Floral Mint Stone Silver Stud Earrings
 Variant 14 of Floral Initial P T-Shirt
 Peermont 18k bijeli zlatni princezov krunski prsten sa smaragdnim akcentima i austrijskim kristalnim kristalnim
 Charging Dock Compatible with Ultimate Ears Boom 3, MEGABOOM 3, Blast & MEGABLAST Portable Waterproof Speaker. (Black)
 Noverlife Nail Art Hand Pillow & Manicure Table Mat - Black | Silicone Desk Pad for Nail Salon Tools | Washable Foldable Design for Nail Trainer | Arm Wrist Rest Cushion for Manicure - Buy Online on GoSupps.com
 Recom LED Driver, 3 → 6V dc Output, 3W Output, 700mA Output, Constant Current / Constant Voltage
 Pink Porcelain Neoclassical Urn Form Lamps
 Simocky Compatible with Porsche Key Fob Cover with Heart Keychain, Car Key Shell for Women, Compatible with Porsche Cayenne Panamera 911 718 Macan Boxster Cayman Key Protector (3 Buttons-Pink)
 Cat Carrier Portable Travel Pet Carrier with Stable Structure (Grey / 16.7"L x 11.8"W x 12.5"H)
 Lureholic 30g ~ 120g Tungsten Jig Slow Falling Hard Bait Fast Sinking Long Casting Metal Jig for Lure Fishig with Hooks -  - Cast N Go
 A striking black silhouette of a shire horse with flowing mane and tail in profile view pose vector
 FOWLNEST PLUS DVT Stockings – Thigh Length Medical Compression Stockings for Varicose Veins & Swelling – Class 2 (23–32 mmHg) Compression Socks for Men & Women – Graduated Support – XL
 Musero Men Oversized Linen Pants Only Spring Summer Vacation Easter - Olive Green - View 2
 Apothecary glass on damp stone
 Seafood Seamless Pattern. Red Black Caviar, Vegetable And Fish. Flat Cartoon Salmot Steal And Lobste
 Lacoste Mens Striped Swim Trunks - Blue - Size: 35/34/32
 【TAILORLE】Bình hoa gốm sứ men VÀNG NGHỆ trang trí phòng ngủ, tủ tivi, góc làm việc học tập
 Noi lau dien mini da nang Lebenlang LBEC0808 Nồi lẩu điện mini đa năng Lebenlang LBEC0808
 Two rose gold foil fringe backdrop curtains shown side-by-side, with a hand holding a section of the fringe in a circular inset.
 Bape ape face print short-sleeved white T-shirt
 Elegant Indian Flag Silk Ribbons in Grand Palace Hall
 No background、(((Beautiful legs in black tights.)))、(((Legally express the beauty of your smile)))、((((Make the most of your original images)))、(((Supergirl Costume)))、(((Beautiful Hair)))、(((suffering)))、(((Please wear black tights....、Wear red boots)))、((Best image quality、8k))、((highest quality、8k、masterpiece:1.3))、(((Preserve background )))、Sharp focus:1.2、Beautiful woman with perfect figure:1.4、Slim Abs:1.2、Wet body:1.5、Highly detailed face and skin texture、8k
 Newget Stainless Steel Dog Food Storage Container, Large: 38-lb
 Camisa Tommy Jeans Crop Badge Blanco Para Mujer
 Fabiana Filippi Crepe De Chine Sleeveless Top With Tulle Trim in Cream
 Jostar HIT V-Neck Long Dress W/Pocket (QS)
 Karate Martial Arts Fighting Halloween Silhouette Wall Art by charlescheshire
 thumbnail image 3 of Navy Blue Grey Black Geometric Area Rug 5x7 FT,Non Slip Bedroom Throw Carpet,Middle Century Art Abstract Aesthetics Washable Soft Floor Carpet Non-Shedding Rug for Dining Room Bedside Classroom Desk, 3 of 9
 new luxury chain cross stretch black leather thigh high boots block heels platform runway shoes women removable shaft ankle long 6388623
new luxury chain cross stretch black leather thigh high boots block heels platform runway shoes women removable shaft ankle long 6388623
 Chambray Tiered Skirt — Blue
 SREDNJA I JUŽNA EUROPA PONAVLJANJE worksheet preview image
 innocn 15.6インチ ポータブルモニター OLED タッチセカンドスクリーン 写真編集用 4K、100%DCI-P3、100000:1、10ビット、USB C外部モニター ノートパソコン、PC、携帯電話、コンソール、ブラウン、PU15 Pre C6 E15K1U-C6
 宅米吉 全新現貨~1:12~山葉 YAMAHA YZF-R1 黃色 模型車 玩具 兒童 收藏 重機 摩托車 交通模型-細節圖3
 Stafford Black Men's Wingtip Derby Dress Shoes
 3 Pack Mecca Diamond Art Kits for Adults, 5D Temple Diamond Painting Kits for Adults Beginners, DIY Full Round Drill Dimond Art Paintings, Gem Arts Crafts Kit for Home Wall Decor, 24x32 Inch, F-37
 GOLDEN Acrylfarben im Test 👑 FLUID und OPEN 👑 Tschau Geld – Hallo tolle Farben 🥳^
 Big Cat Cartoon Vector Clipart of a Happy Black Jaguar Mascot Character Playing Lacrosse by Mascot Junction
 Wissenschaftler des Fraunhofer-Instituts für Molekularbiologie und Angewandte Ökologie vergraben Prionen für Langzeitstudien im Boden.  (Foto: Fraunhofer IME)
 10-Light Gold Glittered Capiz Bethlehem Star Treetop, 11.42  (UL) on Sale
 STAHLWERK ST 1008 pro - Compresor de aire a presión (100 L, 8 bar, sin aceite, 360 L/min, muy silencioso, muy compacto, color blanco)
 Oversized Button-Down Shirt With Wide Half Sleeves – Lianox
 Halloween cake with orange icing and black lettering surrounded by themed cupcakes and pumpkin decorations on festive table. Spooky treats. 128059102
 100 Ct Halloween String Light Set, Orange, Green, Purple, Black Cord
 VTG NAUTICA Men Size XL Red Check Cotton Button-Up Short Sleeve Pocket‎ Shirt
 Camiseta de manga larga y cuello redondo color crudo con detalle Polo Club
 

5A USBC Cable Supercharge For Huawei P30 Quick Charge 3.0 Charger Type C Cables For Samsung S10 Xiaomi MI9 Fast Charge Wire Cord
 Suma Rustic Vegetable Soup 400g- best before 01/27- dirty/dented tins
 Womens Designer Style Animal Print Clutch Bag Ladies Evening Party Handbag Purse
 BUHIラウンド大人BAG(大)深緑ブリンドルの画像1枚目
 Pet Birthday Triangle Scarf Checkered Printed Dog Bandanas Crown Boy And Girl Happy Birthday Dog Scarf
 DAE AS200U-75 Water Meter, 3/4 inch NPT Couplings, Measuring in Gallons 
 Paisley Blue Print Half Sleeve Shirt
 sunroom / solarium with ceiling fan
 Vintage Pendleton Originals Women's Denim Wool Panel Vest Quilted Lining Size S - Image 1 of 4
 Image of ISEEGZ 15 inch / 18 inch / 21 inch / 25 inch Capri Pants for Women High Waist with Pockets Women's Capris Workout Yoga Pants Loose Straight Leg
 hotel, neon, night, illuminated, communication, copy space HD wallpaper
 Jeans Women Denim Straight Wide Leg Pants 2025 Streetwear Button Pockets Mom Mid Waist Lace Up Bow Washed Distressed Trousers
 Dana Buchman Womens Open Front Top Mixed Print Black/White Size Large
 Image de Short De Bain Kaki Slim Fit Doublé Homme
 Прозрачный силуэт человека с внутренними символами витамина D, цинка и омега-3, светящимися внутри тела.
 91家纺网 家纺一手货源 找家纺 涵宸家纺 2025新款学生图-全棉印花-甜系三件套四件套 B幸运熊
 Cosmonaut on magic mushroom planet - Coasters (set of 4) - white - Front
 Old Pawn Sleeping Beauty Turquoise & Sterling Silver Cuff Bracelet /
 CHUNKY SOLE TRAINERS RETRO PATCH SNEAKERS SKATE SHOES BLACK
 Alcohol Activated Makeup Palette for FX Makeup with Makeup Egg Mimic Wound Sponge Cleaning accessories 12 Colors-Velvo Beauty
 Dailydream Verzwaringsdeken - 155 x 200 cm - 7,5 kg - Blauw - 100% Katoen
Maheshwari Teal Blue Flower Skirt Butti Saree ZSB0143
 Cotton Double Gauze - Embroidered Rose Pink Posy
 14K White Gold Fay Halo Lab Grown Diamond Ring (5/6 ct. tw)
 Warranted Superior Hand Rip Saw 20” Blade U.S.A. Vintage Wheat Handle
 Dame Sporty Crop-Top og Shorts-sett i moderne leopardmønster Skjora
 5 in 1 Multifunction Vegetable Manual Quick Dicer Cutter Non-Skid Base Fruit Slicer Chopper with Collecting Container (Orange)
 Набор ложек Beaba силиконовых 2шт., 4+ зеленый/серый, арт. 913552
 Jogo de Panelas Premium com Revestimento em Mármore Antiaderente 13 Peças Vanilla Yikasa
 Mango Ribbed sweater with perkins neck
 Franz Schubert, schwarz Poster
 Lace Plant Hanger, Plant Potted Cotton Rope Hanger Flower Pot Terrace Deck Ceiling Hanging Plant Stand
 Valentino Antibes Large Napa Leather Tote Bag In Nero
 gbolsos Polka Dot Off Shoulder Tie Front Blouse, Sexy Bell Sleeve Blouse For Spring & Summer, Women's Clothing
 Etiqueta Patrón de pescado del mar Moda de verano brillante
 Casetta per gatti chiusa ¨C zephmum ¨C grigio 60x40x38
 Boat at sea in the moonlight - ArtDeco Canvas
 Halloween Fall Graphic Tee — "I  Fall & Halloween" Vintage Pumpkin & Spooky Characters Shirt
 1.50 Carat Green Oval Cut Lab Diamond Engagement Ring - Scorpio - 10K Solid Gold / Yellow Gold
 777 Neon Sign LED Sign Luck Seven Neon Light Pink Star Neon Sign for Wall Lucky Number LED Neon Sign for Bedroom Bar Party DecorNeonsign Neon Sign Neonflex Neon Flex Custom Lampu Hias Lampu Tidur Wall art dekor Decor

****

### REQUIRED WORK:
Everything from the first line of the records through the line holding "Recom LED Driver, 3" is to be transcribed exactly; leave out all other lines.

### YOUR SOLUTION:
Floral Mint Stone Silver Stud Earrings
 Variant 14 of Floral Initial P T-Shirt
 Peermont 18k bijeli zlatni princezov krunski prsten sa smaragdnim akcentima i austrijskim kristalnim kristalnim
 Charging Dock Compatible with Ultimate Ears Boom 3, MEGABOOM 3, Blast & MEGABLAST Portable Waterproof Speaker. (Black)
 Noverlife Nail Art Hand Pillow & Manicure Table Mat - Black | Silicone Desk Pad for Nail Salon Tools | Washable Foldable Design for Nail Trainer | Arm Wrist Rest Cushion for Manicure - Buy Online on GoSupps.com
 Recom LED Driver, 3 → 6V dc Output, 3W Output, 700mA Output, Constant Current / Constant Voltage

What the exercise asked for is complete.